Both of Nutch's current Http plugins (protocol-http and protocol-httpclient) are implemented in such a way that optimum crawl times can only be achieved when
- the order in which the URLs are downloaded is sufficiently random
- the set of hosts is sufficiently large
- the set of hosts is well distributed
In NC, this currently comprises of:
1. Generating an MD5 hash of each URL, then sorting fetchlist entries by this hash. Since a single character change in the url will result in a wildly different hash, this approach does a good job of satisfying the requirement that URLs be randomized. The other 2 requirements (large and well-distributed set of hosts) are satisfied by the very definition of the WWW.
2. Enforcing a fixed delay between consecutive requests to the same webserver (this is the fetcher.server.delay config variable).

In the case of constrained crawling, when either the requirement of size or distribution of hosts is not satisifed, its not difficult to see how crawl time is severely hampered, i.e. if there are too few hosts, or if the distribution of URLs is skewed towards a couple of large hosts, the crawl time will always be grossly sub-optimal.

OC's default fetchlist prioritizes hosts based on the number of unfetched pages they contain.

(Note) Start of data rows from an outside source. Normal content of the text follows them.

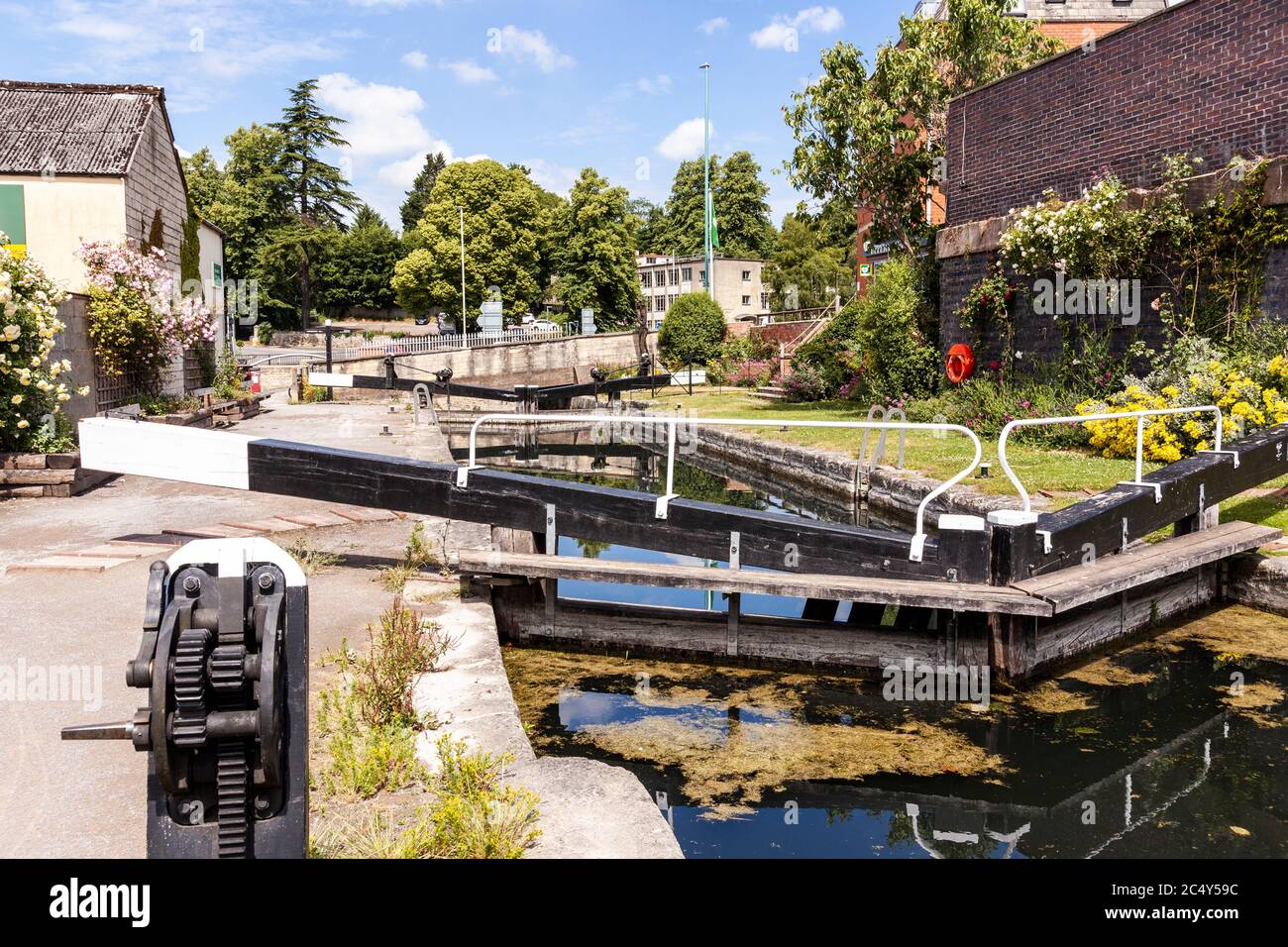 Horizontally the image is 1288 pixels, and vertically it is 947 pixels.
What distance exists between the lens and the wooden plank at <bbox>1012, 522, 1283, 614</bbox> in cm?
611

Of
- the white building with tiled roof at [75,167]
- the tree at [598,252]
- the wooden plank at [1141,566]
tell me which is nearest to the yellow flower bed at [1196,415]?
the wooden plank at [1141,566]

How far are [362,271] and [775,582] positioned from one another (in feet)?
225

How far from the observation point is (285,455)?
7.07 metres

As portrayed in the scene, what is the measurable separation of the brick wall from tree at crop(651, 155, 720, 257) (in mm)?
54914

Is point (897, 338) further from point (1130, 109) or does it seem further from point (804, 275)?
point (804, 275)

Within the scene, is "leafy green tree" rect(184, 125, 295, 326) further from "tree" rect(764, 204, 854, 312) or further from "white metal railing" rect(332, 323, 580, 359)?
"tree" rect(764, 204, 854, 312)

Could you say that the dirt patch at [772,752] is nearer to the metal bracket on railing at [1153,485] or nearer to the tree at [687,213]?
the metal bracket on railing at [1153,485]

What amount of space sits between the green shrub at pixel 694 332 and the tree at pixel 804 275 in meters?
15.4

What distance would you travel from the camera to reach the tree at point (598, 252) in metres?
54.4

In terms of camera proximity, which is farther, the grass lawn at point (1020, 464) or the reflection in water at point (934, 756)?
the grass lawn at point (1020, 464)

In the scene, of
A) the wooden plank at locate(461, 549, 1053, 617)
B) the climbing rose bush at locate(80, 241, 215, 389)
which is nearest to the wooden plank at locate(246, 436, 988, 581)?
the wooden plank at locate(461, 549, 1053, 617)

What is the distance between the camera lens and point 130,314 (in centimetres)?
1473
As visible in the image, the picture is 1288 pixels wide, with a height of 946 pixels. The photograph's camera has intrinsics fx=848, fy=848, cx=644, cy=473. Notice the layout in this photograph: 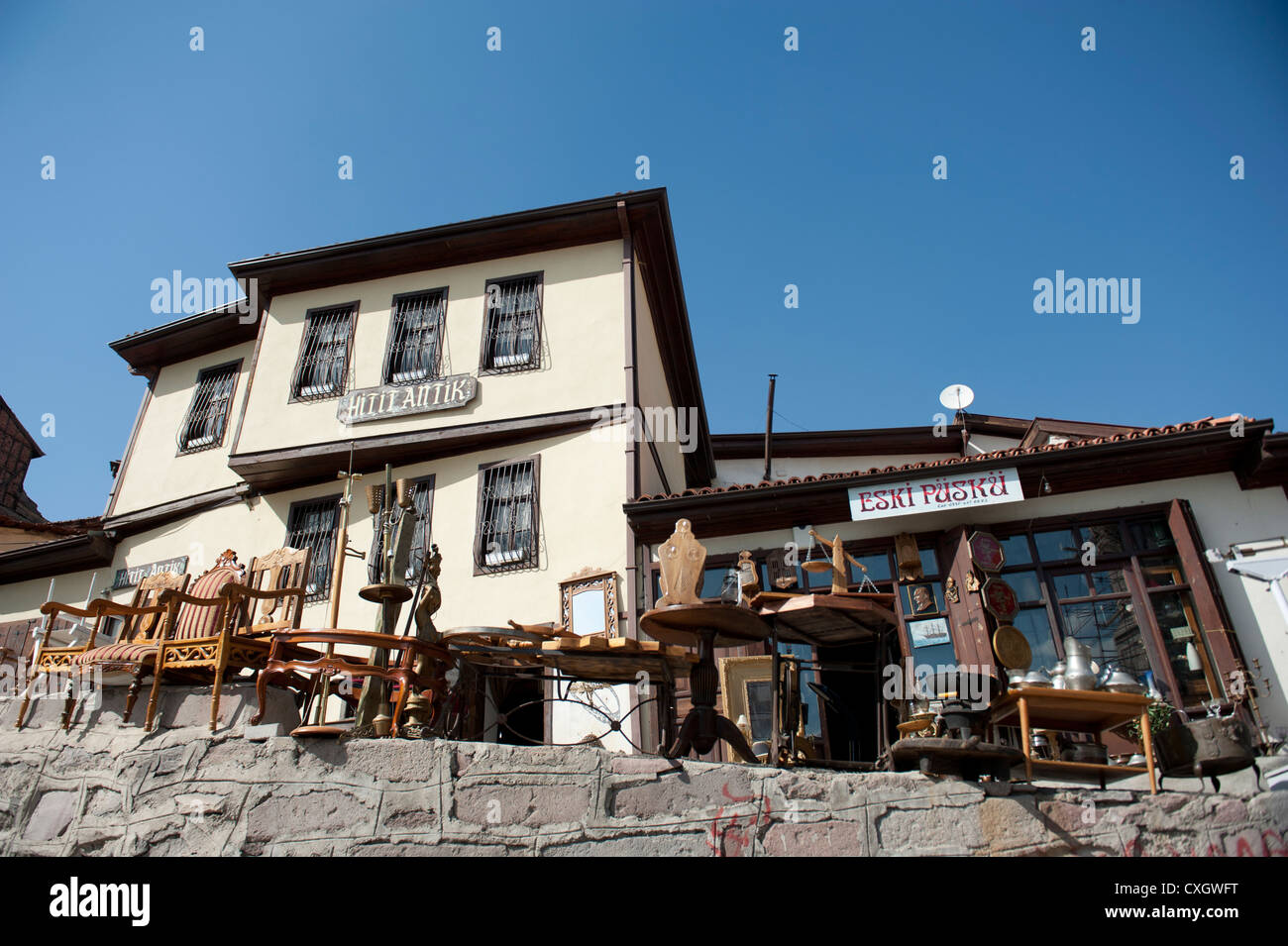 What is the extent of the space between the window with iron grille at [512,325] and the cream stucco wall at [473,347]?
0.36 ft

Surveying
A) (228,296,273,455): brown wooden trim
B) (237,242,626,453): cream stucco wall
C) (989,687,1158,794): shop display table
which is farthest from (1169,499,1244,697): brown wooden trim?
(228,296,273,455): brown wooden trim

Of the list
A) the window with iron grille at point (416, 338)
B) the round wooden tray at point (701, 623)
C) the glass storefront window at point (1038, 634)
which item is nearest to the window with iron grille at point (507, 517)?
the window with iron grille at point (416, 338)

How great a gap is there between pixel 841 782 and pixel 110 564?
43.4 ft

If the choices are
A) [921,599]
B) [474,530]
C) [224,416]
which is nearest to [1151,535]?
[921,599]

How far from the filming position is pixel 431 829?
466cm

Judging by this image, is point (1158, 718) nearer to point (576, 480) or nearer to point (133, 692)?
point (576, 480)

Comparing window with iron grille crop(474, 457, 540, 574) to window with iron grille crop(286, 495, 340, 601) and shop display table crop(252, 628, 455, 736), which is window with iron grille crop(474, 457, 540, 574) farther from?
shop display table crop(252, 628, 455, 736)

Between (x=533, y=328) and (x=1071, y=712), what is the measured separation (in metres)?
8.76

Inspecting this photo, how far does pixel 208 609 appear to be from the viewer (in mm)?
6977

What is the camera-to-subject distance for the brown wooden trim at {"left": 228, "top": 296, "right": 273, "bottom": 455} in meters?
12.6

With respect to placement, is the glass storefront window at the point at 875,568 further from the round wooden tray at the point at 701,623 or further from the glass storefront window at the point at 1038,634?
the round wooden tray at the point at 701,623

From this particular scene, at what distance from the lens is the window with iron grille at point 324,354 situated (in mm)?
12500

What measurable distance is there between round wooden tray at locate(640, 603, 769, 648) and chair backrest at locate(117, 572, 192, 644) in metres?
4.17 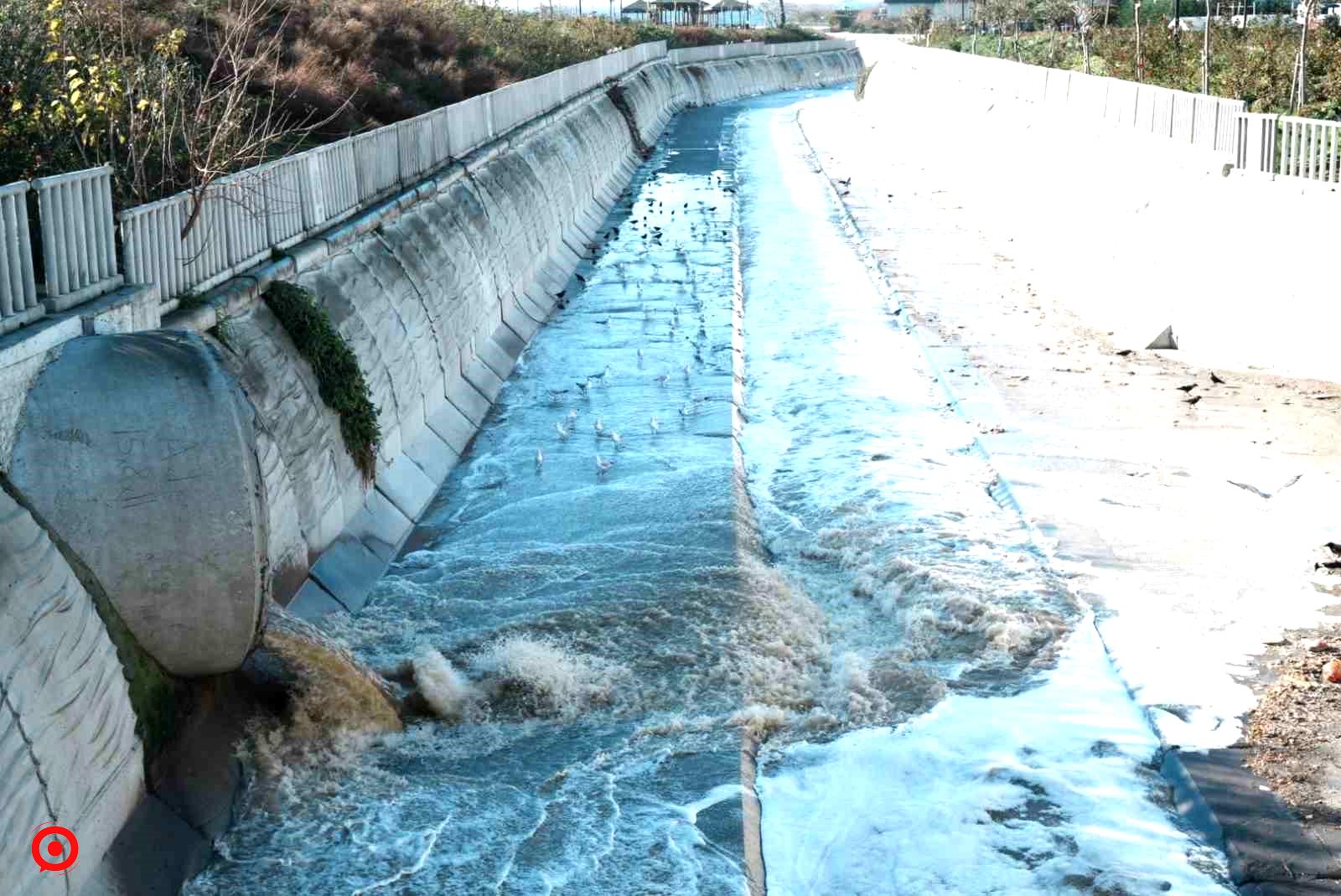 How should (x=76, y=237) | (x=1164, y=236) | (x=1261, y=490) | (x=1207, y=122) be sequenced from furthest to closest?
(x=1164, y=236), (x=1207, y=122), (x=1261, y=490), (x=76, y=237)

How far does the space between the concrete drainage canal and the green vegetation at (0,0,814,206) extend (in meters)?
4.74

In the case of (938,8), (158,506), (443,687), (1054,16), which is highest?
(938,8)

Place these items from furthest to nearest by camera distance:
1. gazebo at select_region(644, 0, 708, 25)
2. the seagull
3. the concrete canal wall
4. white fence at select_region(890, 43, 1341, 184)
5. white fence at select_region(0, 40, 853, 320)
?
1. gazebo at select_region(644, 0, 708, 25)
2. white fence at select_region(890, 43, 1341, 184)
3. the seagull
4. white fence at select_region(0, 40, 853, 320)
5. the concrete canal wall

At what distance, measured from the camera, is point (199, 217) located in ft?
44.6

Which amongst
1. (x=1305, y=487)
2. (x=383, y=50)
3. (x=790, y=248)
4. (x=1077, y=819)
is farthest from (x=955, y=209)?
(x=1077, y=819)

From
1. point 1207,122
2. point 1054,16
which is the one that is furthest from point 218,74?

This satisfies the pre-requisite for optimal crawl speed, and minimizes the chance of having "backed-up" urls from the large hosts which take a long time to fetch where the number of fetching threads gets reduced to the number of outstanding hosts there are. OC also waits a period of time between consecutive requests, and its also possible to vary this time depending on the time taken to download a URL (slow servers can mean overloaded server, or they can mean a slow network).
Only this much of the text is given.